Carlin’s comedy also became counter-culture, not Cheech and Chong, hippy-dippy dopers, but with pointed jokes about religion, politics yet with frequent references to drugs. His second album with his new routine, FM/AM, won a Grammy Award for Best Comedy Recording. My favorite cut was the 11 O’Clock News. But it was his third album Class Clown that had, what I believe, to be the greatest comedy monologue ever, the profanity-laced routine “Seven Words You Can Never Say on Television.” When it was first broadcast on New York radio, a complaint led the Federal Communications Commission (FCC) to ban the broadcast as “indecent.” The US Supreme Court later upheld the order, which remains in effect today. The routine made Carlin a hero to his fans and got him in trouble with radio brass as well as with law enforcement; he was even arrested several times, once during an appearance in Milwaukee, for violating obscenity laws.

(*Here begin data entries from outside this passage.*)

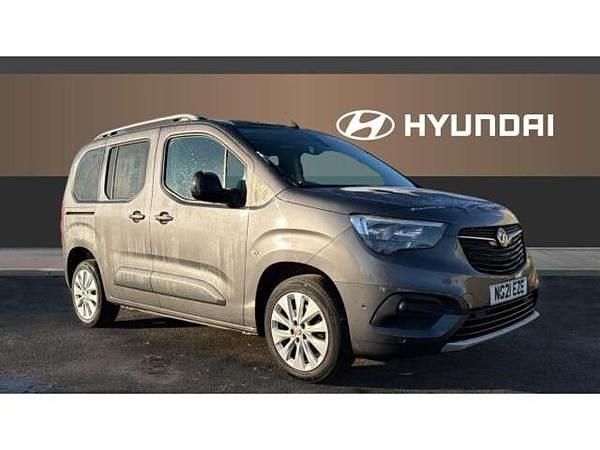 Grey Used 2021 Vauxhall Combo Elite MPV | £13,790 (Good price) - Image 1/4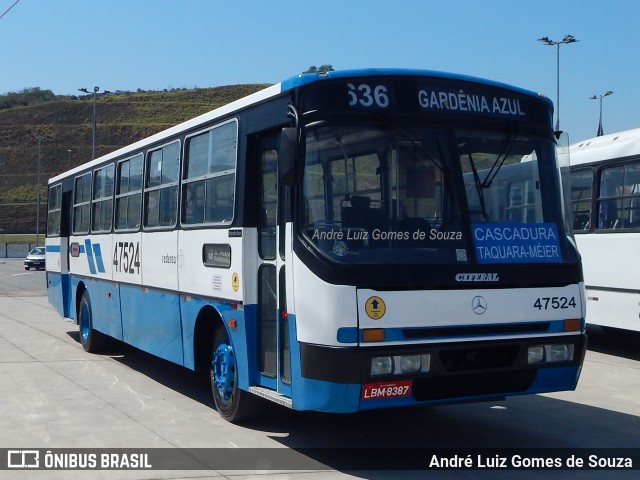 Ônibus Particulares 47524 na cidade de Duque de Caxias, Rio de Janeiro, Brasil, por André Luiz Gomes de Souza. Número da foto: #12447903.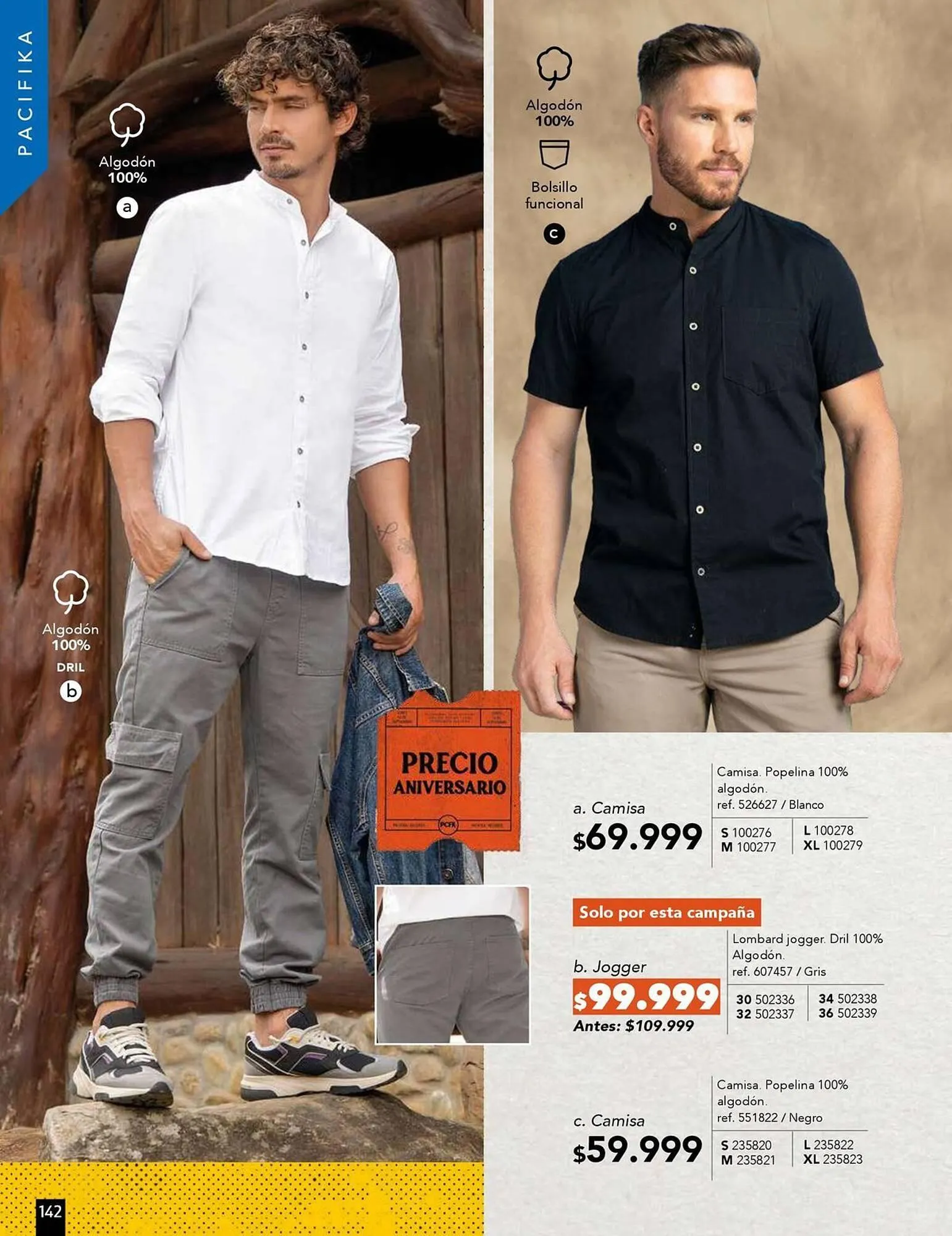 Catalogo de Catálogo Pacífika 7 de agosto al 21 de agosto 2024 - Pag 143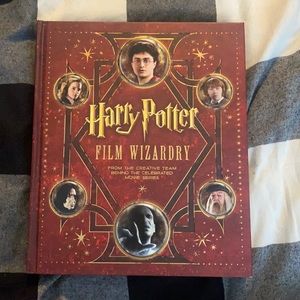 Harry Potter film wizardry book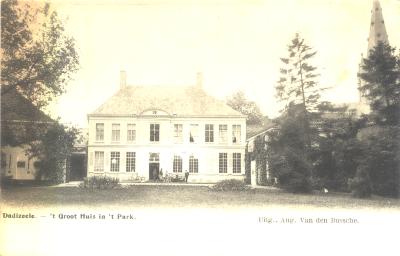 Dadizeele 't Groot Huis in 't Park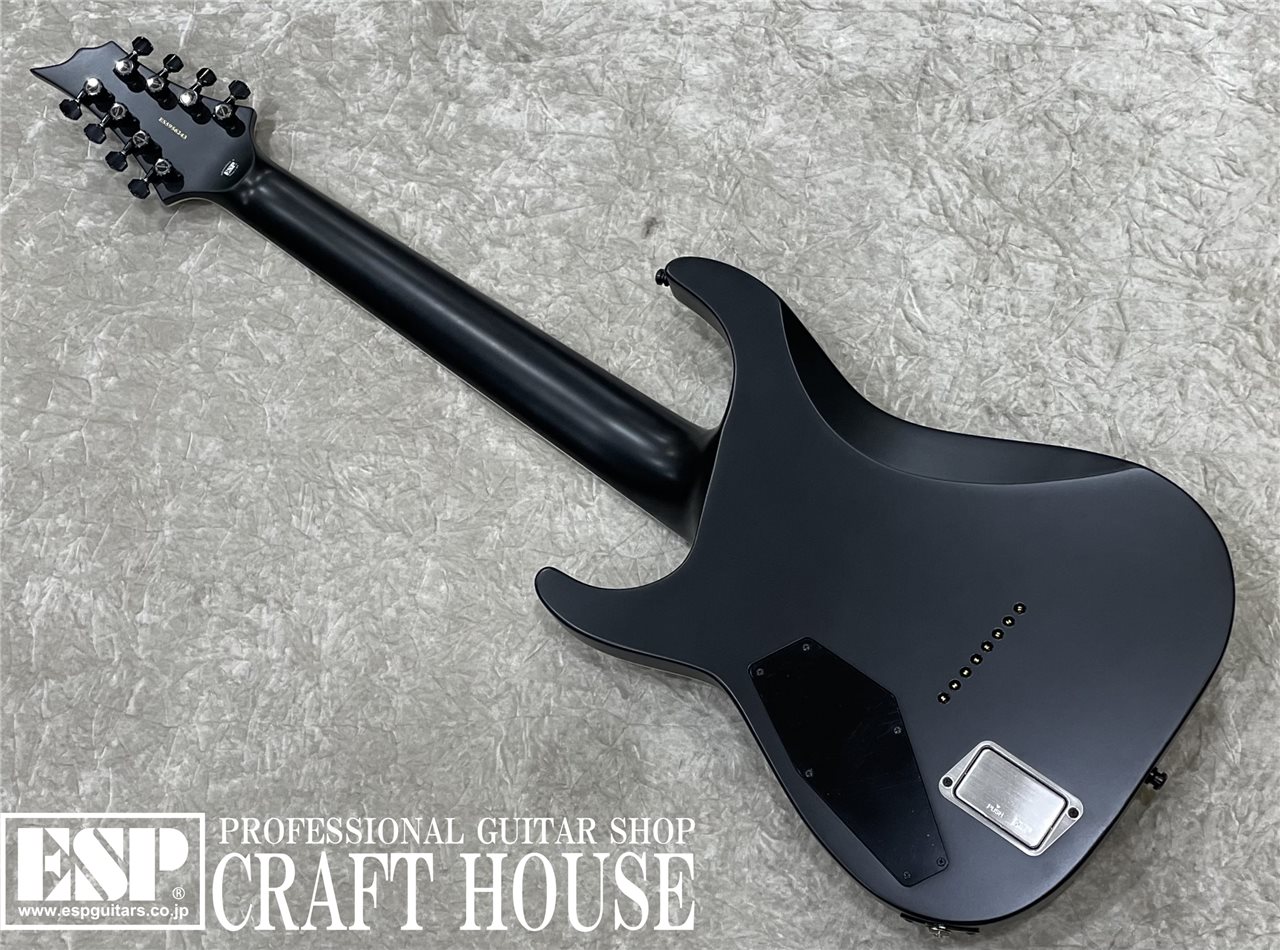 【即納可能】E-II(イーツー) HRF NT-8B / Black Satin 渋谷店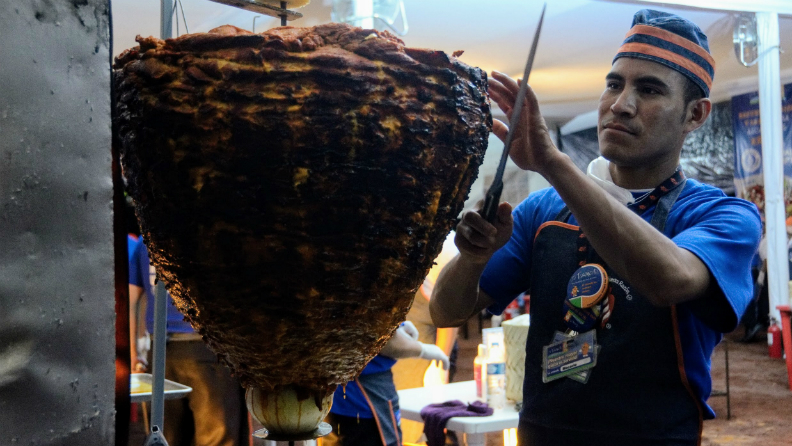 Largest serving of tacos 3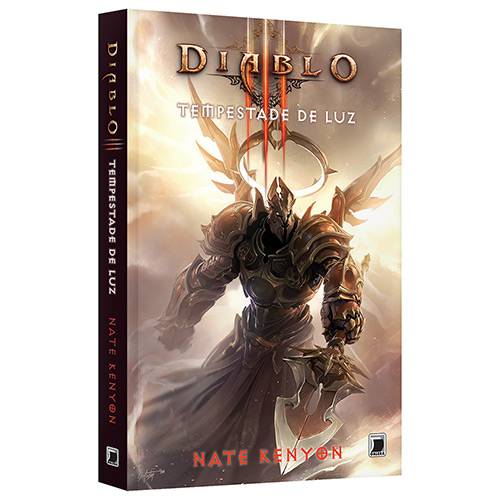 Tamanhos, Medidas e Dimensões do produto Livro - Diablo III: Tempestade de Luz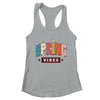 Spring Vibes Hello Spring Flowers Floral Happy Easter Shirt & Tank Top | teecentury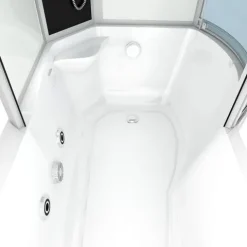 Whirlpool Wanne Duschkabine ws K50-L00-WP-EC 170x1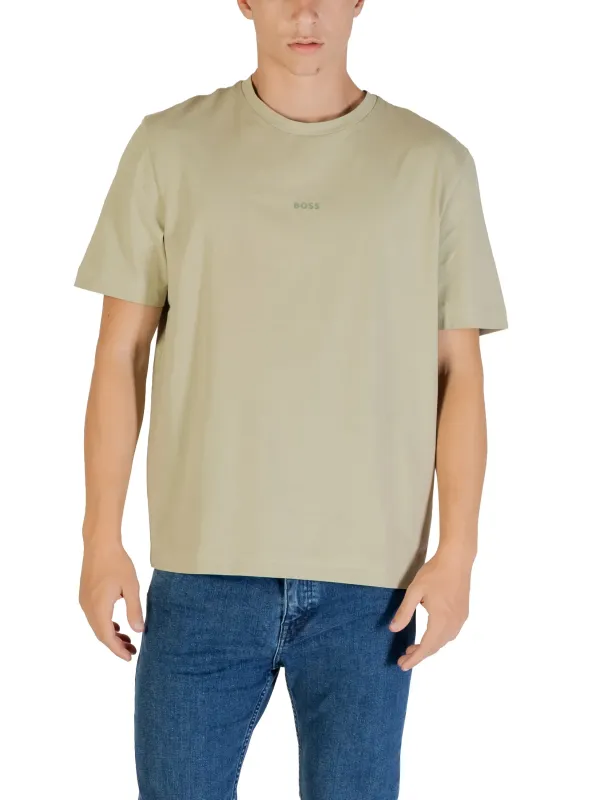 "Boss T-Shirts im Sale | Boss Herren T-Shirt Herbst/Winter Grün Rundhals Kurzarm online kaufen"|Planet-Deluxe "Boss T-Shirts im Sale | Boss Herren T-Shirt Herbst/Winter Grün Rundhals Kurzarm online kaufen"|Planet-Deluxe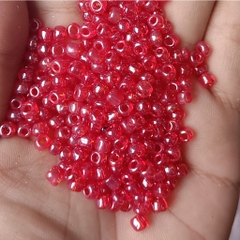 10gam Hạt cườm size ĐẠI 3.6mm đủ màu để chọ dùng trang trí trang sức, quần áo, túi xách, dây đeo khẩu trang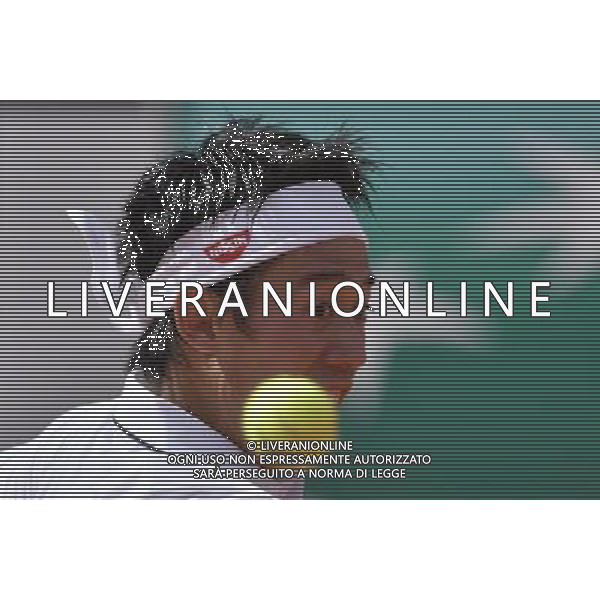 Internazionali BNL d\'Italia 2016 Roma - 10.05.2016 - Foro Italico - nella foto: Kei Nishikori /Ph. Corradetti - AGENZIA ALDO LIVERANI SAS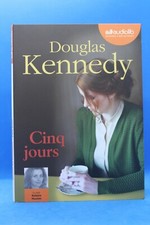 audiolib MP3 livre audio  " Douglas Kennedy : Cinq Jours " CD MP3 10h31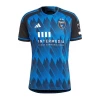 Maglia Calcio San Jose Earthquakes 2024-25 Prima Uomo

Interestingly I thought about Carlin and his pokings of the Establishment (AKA The Man) when I read several articles over the weekend about the recent spate of arrests around the Petrobras bribery and corruption scandal. In article in the Wall Street Journal (WSJ), entitled “Brazil Probe Sweeps Up Corporate Magnates” Will Connors, Rogerio Jelmayer and Paul Kiernan reported that “Brazilian officials arrested the heads of two Latin American construction giants, alleging they helped to mastermind a cartel that stole billions of dollars from state-run oil company Petrobras with the help of corrupt politicians to whom they paid kickbacks.” Also arrested with the heads of the two companies, Marcelo Odebrecht, head of Odebrecht SA and Chief Executive Officer (CEO) of Andrade Gutierrez, Otávio Azevedo.

The WSJ article reported that “Odebrecht is Latin America’s largest construction conglomerate, with business in the U.S., Europe and Africa, and whose head, Marcelo Odebrecht, is a household name in Brazil. Andrade Gutierrez has business in 40 countries. The privately owned companies are deeply involved in the development of stadiums and infrastructure for the 2016 Summer Olympics in Rio de Janeiro.” Moreover, Odebrecht is reported to have “a presence in 21 countries”. Obviously a question is if the company had engaged in bribery and corruption in Brazil, did they do so in any of the other countries in which they are doing business?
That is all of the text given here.